-- WORK TASK --
Starting at the line that contains "Lexus ES 350 2012 Gold", print every remaining line of the entries, unchanged, and output nothing more.

-- RECORDS SUPPLIED --

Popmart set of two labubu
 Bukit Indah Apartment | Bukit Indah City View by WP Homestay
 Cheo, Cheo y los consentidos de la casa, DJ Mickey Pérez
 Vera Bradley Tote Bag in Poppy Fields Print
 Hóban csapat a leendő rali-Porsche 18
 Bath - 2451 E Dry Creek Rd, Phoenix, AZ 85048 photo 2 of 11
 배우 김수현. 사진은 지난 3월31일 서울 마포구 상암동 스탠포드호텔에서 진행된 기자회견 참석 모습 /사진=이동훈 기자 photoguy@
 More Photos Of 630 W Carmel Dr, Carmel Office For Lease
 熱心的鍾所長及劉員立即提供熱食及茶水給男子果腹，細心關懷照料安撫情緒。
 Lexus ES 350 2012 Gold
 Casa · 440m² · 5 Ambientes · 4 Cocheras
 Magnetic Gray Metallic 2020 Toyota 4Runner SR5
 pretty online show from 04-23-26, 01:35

-- TASK OUTPUT --
 Lexus ES 350 2012 Gold
 Casa · 440m² · 5 Ambientes · 4 Cocheras
 Magnetic Gray Metallic 2020 Toyota 4Runner SR5
 pretty online show from 04-23-26, 01:35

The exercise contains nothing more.